Kidnappings in area that has seen conflict for years

ASG and other sources of conflict continue to operate in a restive part of the country where the largest Muslim rebel group is working out a peace deal with the government.

Peace negotiators from both the government and the Moro Islamic Liberation Front (MILF), the country’s largest Muslim rebel group, have long contended that supporting efforts for the Muslim rebels to realize their goal of self-determination would put an end to criminal elements in the conflict-riddled south.

Islamic groups say lack of peace deal hampers their control over kidnappings

FILE - Philippine President Benigno Aquino (C) applauds as Moro Islamic Liberation Front (MILF) chief negotiator Mohagher Iqbal (2nd L) shakes hands with Senate President Franklin Drilon (2nd R) during the turnover ceremony of the draft Bangsamoro Basic Law (BBL) at the presidential palace in Manila, September 10, 2014.
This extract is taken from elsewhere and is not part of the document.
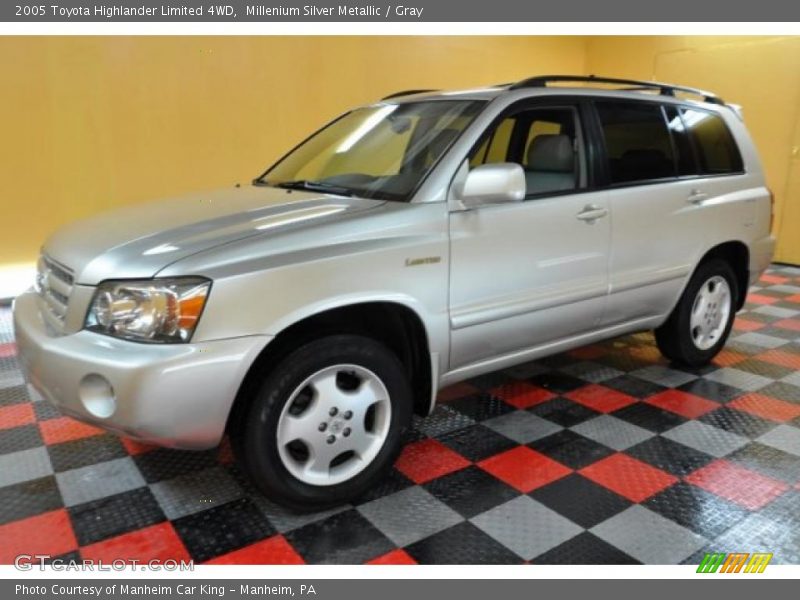 Millenium Silver Metallic / Gray 2005 Toyota Highlander Limited 4WD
FILE - Philippine President Benigno Aquino (C) applauds as Moro Islamic Liberation Front (MILF) chief negotiator Mohagher Iqbal (2nd L) shakes hands with Senate President Franklin Drilon (2nd R) during the turnover ceremony of the draft Bangsamoro Basic Law (BBL) at the presidential palace in Manila, September 10, 2014.

The MILF, which is working out terms of a recent peace deal with the government, is keeping watch over developments with the ASG. The peace process with the MILF came to a halt in February when lawmakers failed to pass a proposed measure that would create a self-governing region.

The ASG, which is an offshoot of another rebel faction the Moro National Liberation Front, that made a peace pact with the government in 1996, was not part of the peace talks with the MILF.

Mohagher Iqbal, peace panel chair of the MILF said government had to act because without the self-governing ability the MILF would not be able to keep groups like the Abu Sayyaf in check.

“But now we don’t have that legal authority… So what can we do? All the efforts that we are capable of doing is very limited,” said Iqbal.

Big time profits rule

Analysts say most efforts against the Abu Sayyaf are no match for the massive profits that kidnap-for-ransom activities bring in. In late 2014 ,the Abu Sayyaf set free two German hostages and claimed it had received more than $4 million for their release. The Philippines, which has a no ransom policy, did not confirm whether the amount was paid.

Philippine Institute of Peace Violence and Terrorism Research executive director Rommel Banlaoi said even with military operations against it, the ASG is able to replenish its membership, which he loosely estimates is around 500.

“ASG through the years has proven its capability to deliver money to new recruits and this money largely is coming from kidnap for ransom activities,” he said. “And right now Abu Sayyaf Group has already received the image of being macho in the area, so all violent groups want to be associated with the Abu Sayyaf Group now.”

One of the leaders of the ASG recently pledged allegiance to the Islamic State, but analysts and the military do not see much weight behind the declaration.

But Williams said, "This is not ISIS, in any way. They're not making political statements here. They want the money."